__What you will do__. Under this line sits a listing. Repeat exactly and only its lines from the one holding "Jual Toms Project" through the one holding "Background with black"; skip pictures.

__Available data__.

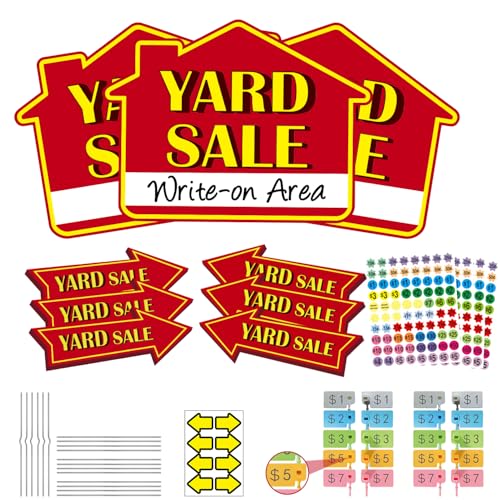 Yard Sale Sign Kit with Stakes Price Labels Arrow Stickers & Clip-On Tags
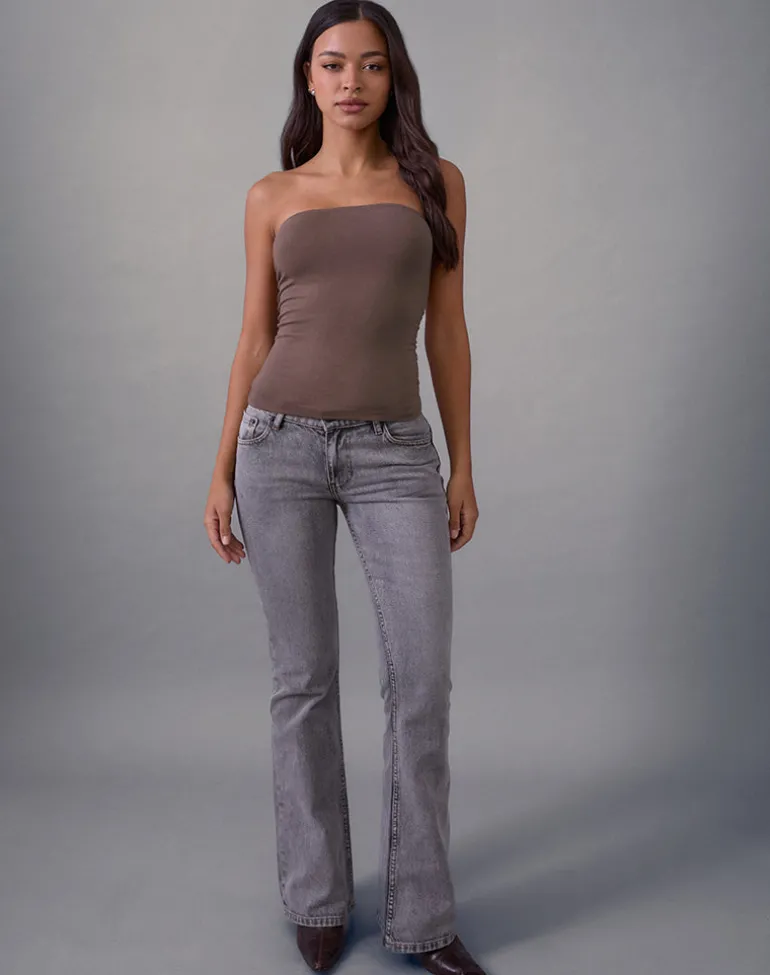 Foster Bandeau Top in Rayon Jersey Deep Taupe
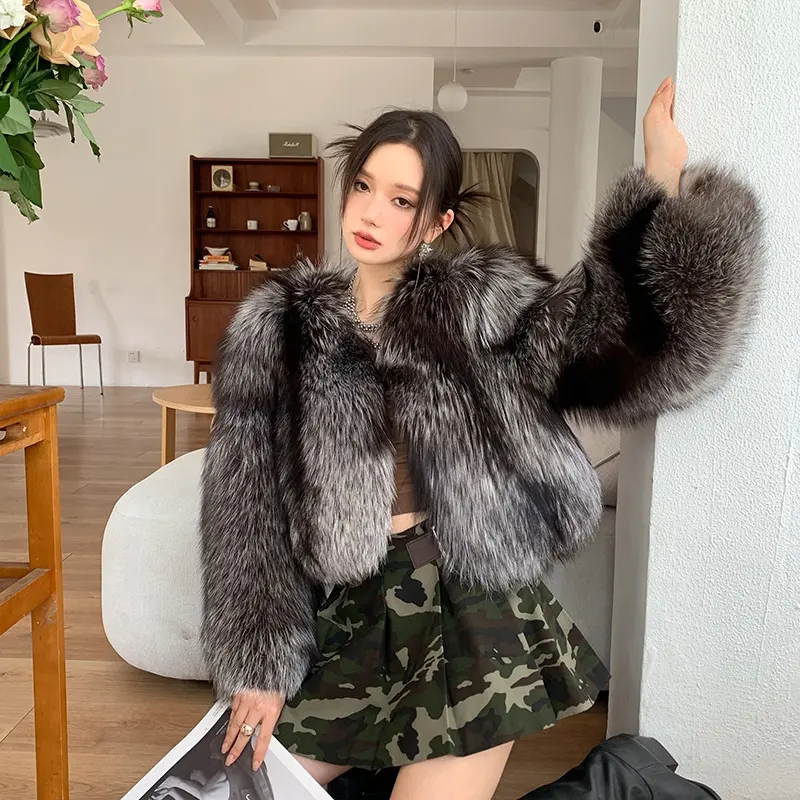 Faux Rex Rabbit Fur Short Trendy Color Matching Fur Korean Version Women's Collar Jacket Coats For Women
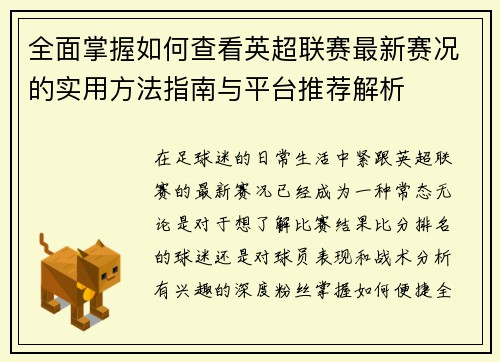 全面掌握如何查看英超联赛最新赛况的实用方法指南与平台推荐解析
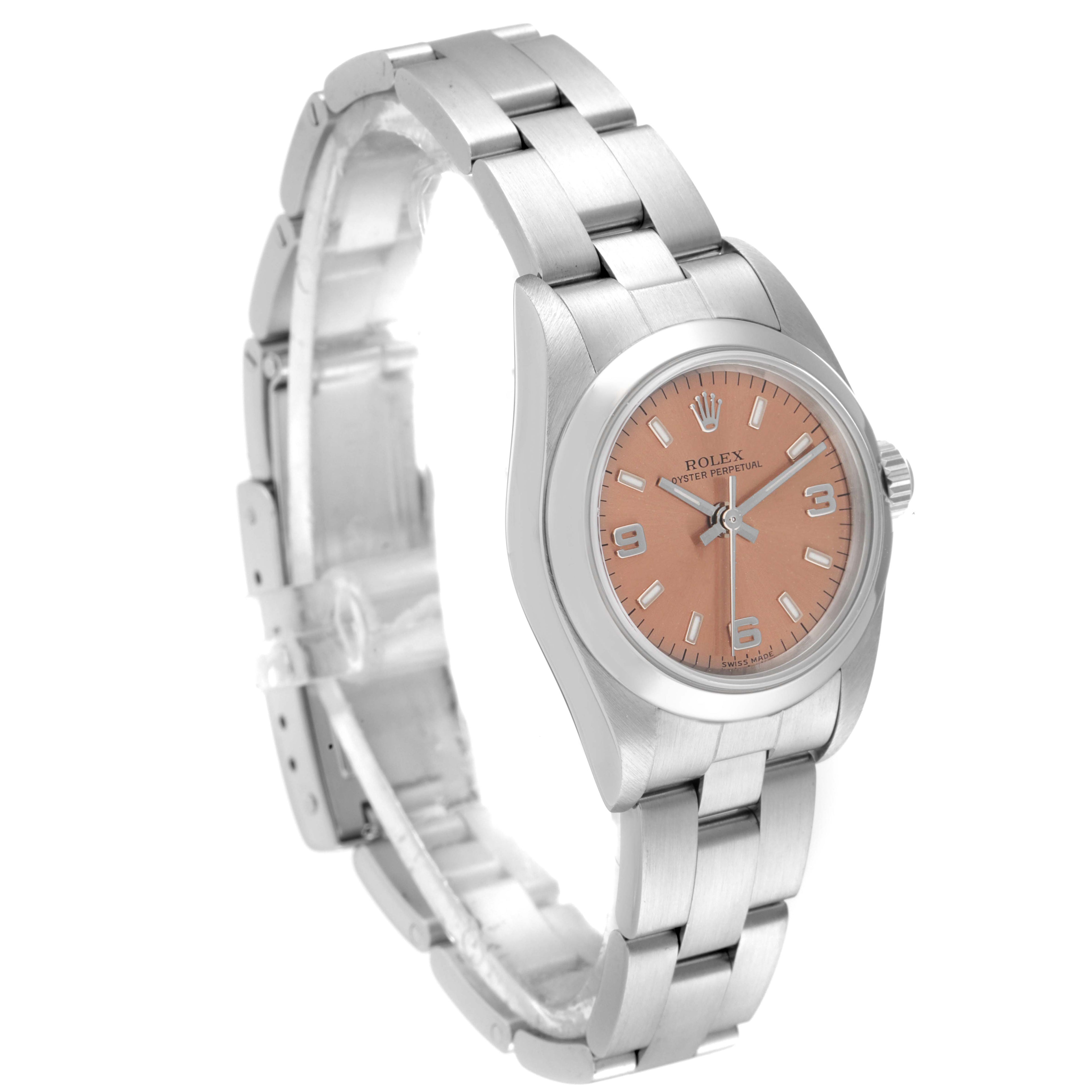 Rolex Oyster Perpetual Salmon Dial Domed Bezel Steel Watch 76080 Papers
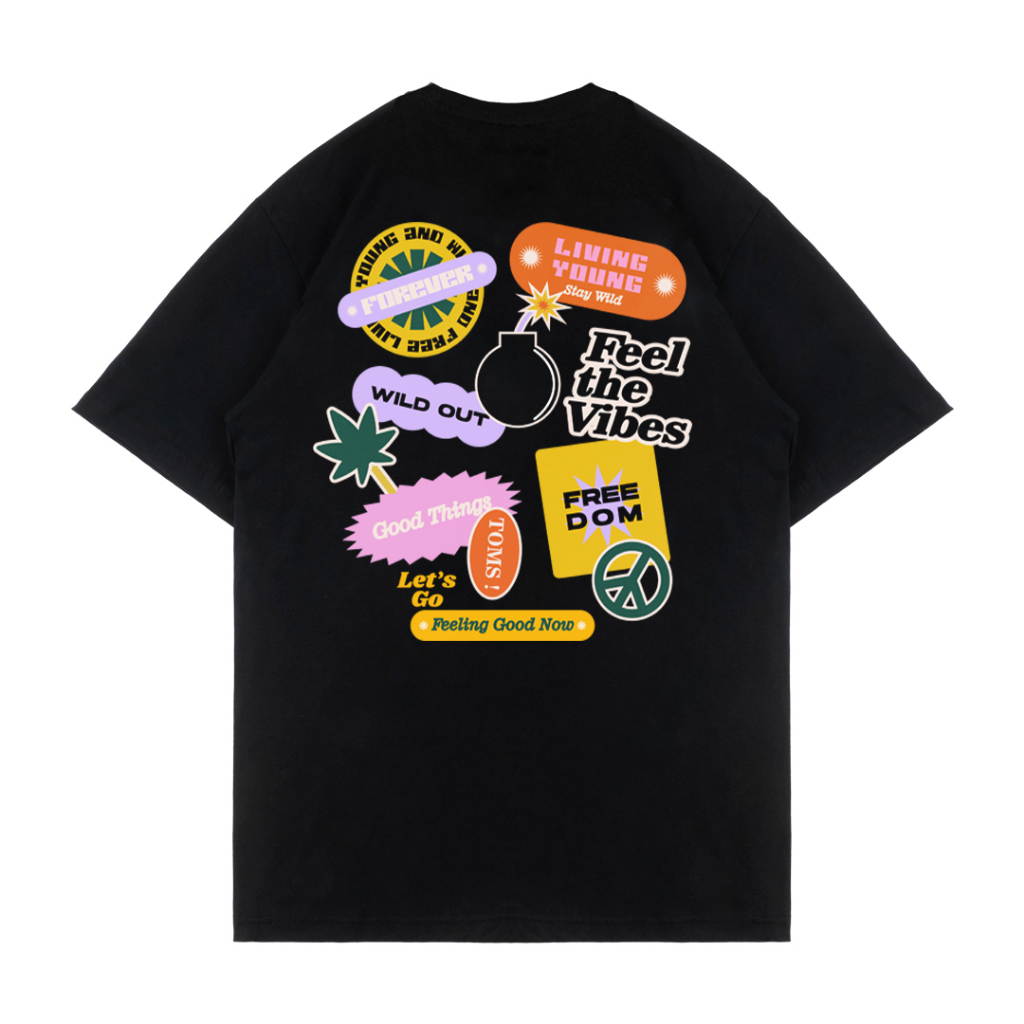 Jual Toms Project - Tshirt Combed 24's Wild Out Black - Kaos Pria ...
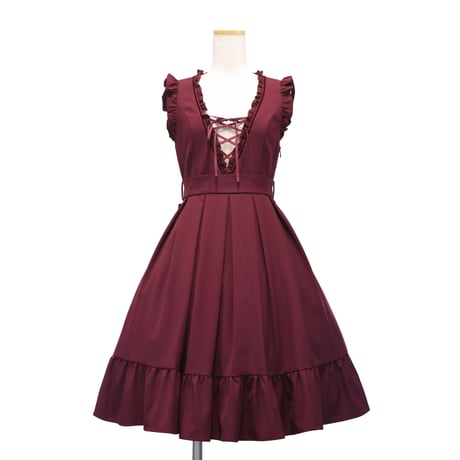 [Sheglit] Sheglit Lace Up Jumper Skirt Bordeaux/Navy/Black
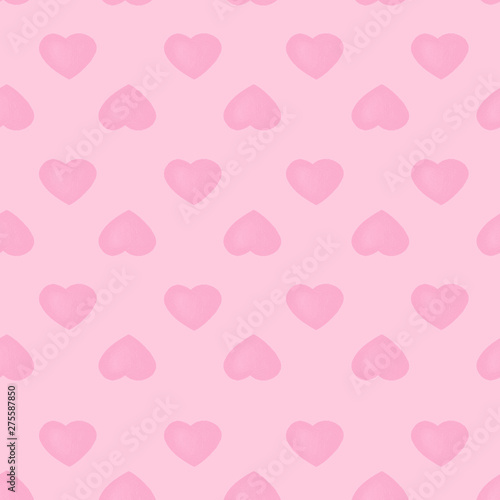 Pink background. Simple seamless pattern with light hearts. 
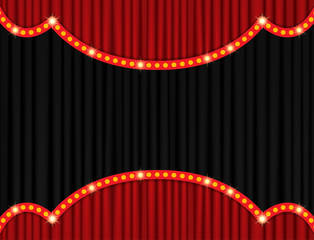 Background with black and red curtain. Design for presentation, concert, show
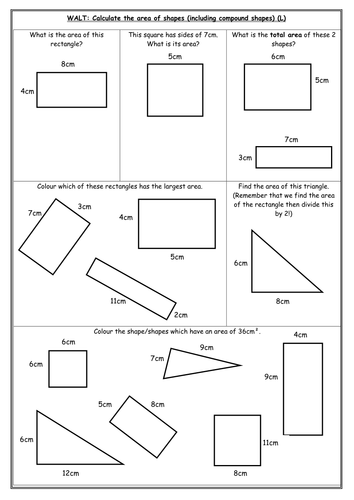Area differentiated worksheets by IndiaRose26  Teaching Resources  TES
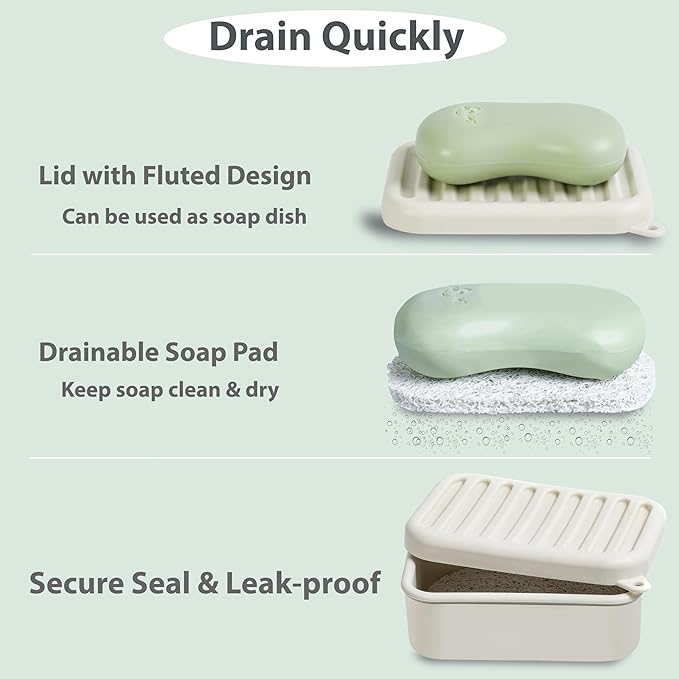 Portable Leakproof Travel Soap Case, Silicone Travel Soap Case, Compact Soap Holder with Drainage Layer, Travel Soap Holder for Camping, Gym, Outdoor (Rice-White)
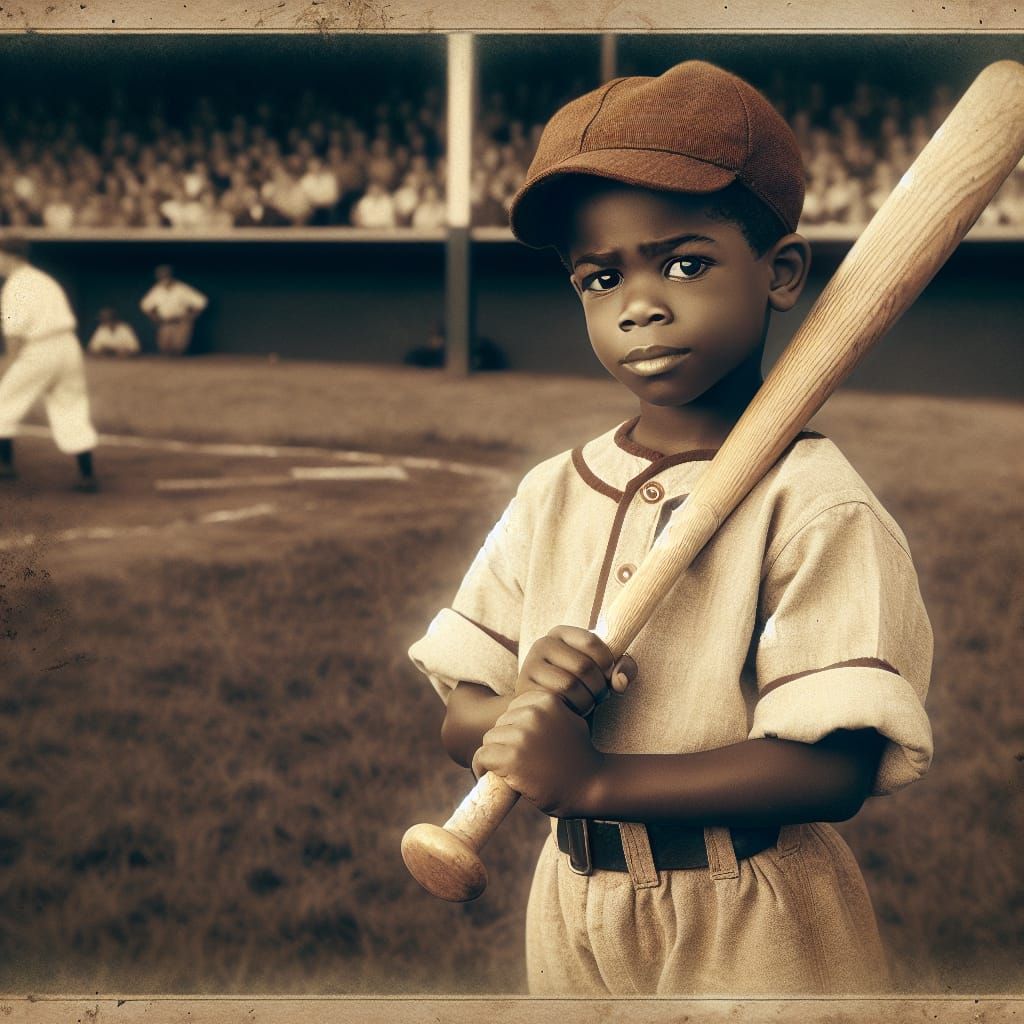 Vintage Baseball Photo of Young Boy with Bat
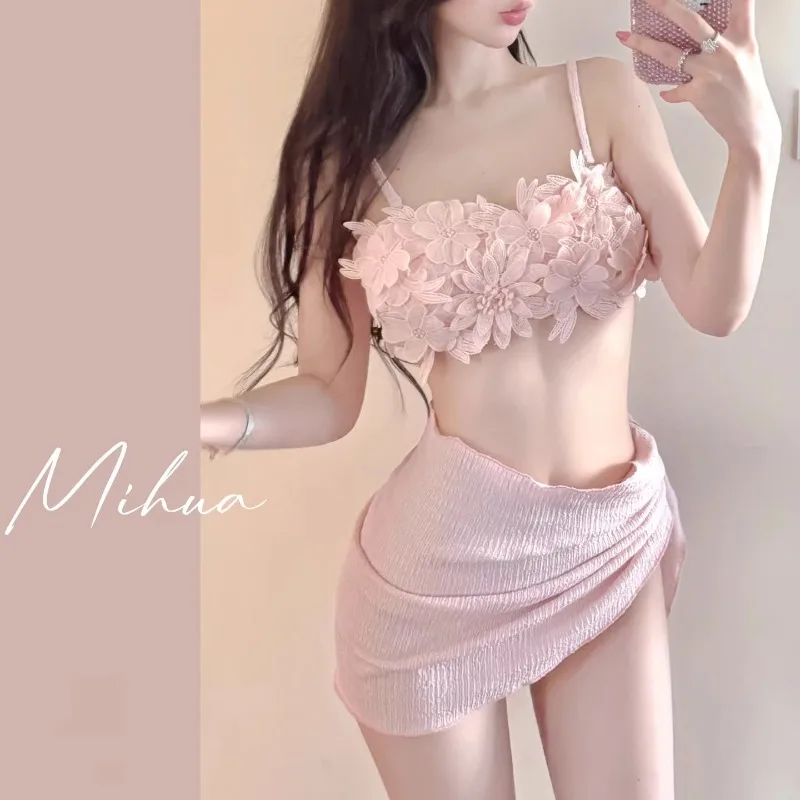 

Элитный и сексуальный купальник Hot Spring, новый высококачественный полиэстеровый комплект из трех предметов для отпуска, акварельная цветовая гамма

__Exercise answer__.
 Jual Toms Project - Tshirt Combed 24's Wild Out Black - Kaos Pria ...
 [Sheglit] Sheglit Lace Up Jumper Skirt Bordeaux/Navy/Black
 Pink background. Simple seamless pattern with light hearts. 
 Background with black and red curtain. Design for presentation, concert, show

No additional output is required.